Material provided:
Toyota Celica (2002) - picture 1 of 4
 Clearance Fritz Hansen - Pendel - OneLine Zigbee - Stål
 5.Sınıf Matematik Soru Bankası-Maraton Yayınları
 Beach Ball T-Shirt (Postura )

What to work on:
Start at the first line of the material and write everything out exactly.

Exercise solution:
Toyota Celica (2002) - picture 1 of 4
 Clearance Fritz Hansen - Pendel - OneLine Zigbee - Stål
 5.Sınıf Matematik Soru Bankası-Maraton Yayınları
 Beach Ball T-Shirt (Postura )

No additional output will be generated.